Neurosurgical Service, Beth Israel Deaconess Medical Center, Harvard Medical School, Boston, Massachusetts, USA; Paracelsus Medical University, Salzburg, Austria.
Neurosurgical Service, Beth Israel Deaconess Medical Center, Harvard Medical School, Boston, Massachusetts, USA.
World Neurosurg. 2018 May;113:e364-e372. doi: 10.1016/j.wneu.2018.02.034. Epub 2018 Feb 14.
The objective of this study was to analyze patients' perceptions of their headaches both before and after Pipeline flow diversion treatment of their unruptured intracranial aneurysms, with the goal of identifying prognostic factors associated with headache patterns to improve predictions of overall outcomes.
We retrospectively identified 133 patients treated with the Pipeline embolization device (PED) between January 1, 2014, and December 31, 2016, at an academic institution in the United States. Patients with at least 6 months of clinical follow-up, who had completed a validated telephone survey assessing their headache perceptions before and after treatment of their UIAs, were included.

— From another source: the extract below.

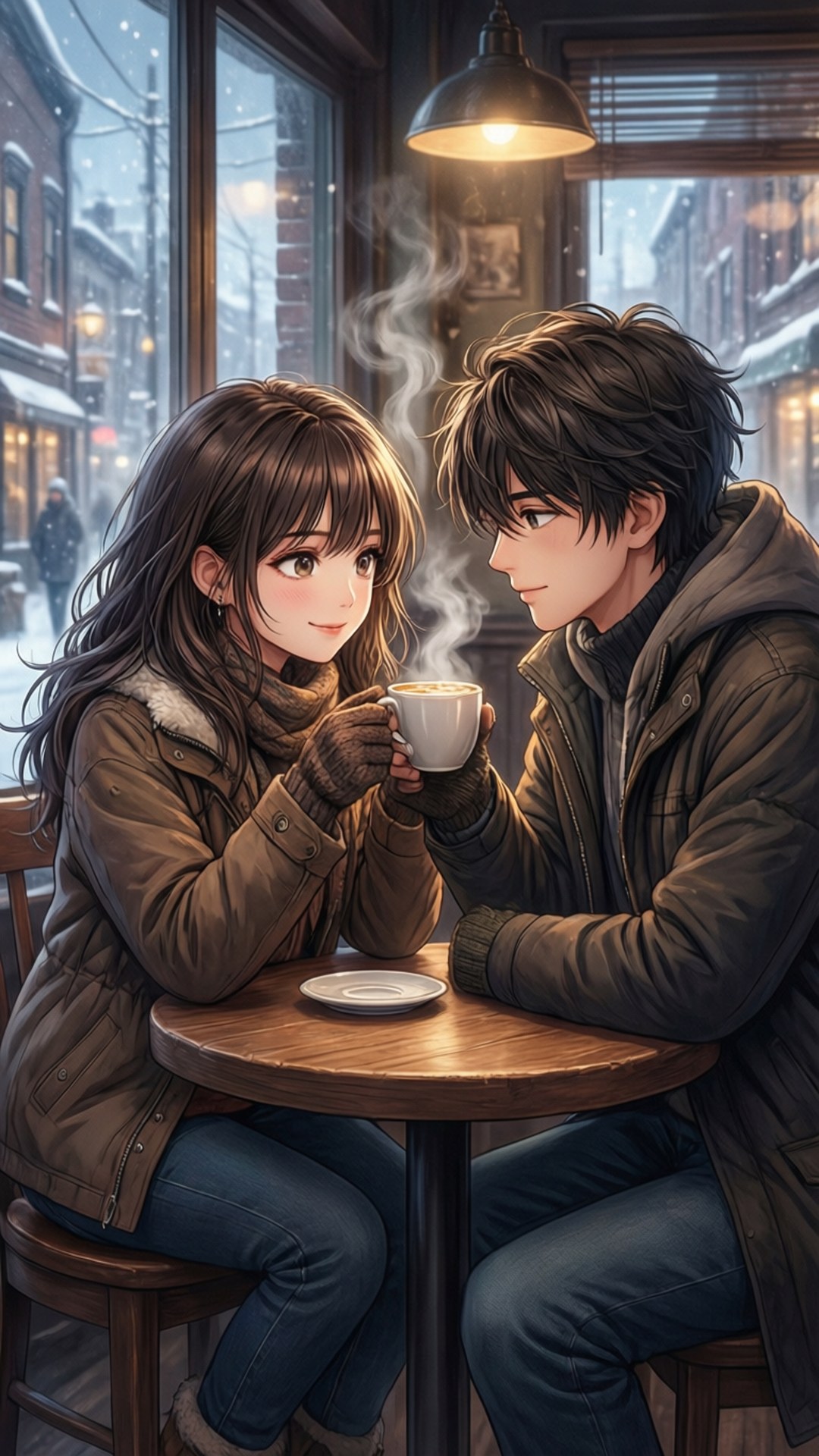 Cozy Café Date 壁紙 — 一對年輕情侶在舒適的咖啡桌旁分享一杯熱氣騰騰的咖啡，窗外雪花飄落。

Sixty patients (57.7%) responded to the questionnaire. Median aneurysm size was 6.3 mm. Thirty-two patients (53.3%) presented with headaches before treatment, which had a median intensity of 7 out of 10 (range, 3-10). On postprocedural evaluation, 8 patients (25%) had complete resolution of their headaches. Of the 24 (75%) patients with persistent headaches, the frequency and severity of the headaches decreased or remained the same in most (58.3%) patients. Eleven (18.3%) patients had new-onset headaches. This study found an association between aneurysm size and a reduction in headache frequency and severity after PED treatment. No significant association was found between headache persistence, severity, or frequency and patient demographics, aneurysm characteristics, and other comorbidities.
An overall improvement of headaches in patients with UIAs who underwent treatment with the PED was observed, particularly in patients harboring large aneurysms and who had presented with daily headaches.
本研究的目的是分析患者在接受未破裂颅内动脉瘤Pipeline 血流导向装置治疗前后对头痛的感知,以确定与头痛模式相关的预后因素,从而提高对总体结果的预测能力。
我们回顾性地确定了 2014 年 1 月 1 日至 2016 年 12 月 31 日期间在美国一家学术机构接受 Pipeline 栓塞装置(PED)治疗的 133 例患者。这些患者均有至少 6 个月的临床随访,并完成了一项评估其治疗前和治疗后头痛感知的电话调查。
有 60 例患者(57.7%)对问卷调查做出了回应。动脉瘤的平均直径为 6.3 毫米。32 例患者(53.3%)在治疗前有头痛,中位数强度为 7 分(范围 3-10 分)。在术后评估中,8 例患者(25%)头痛完全缓解。在 24 例(75%)持续头痛的患者中,大多数患者(58.3%)头痛的频率和严重程度降低或保持不变。11 例患者(18.3%)出现新发头痛。本研究发现,PED 治疗后动脉瘤大小与头痛频率和严重度降低有关。未发现头痛持续存在、严重程度或频率与患者人口统计学特征、动脉瘤特征和其他合并症之间存在显著相关性。
接受 PED 治疗的未破裂颅内动脉瘤患者的头痛总体上有所改善,尤其是那些有大动脉瘤且有每日头痛的患者。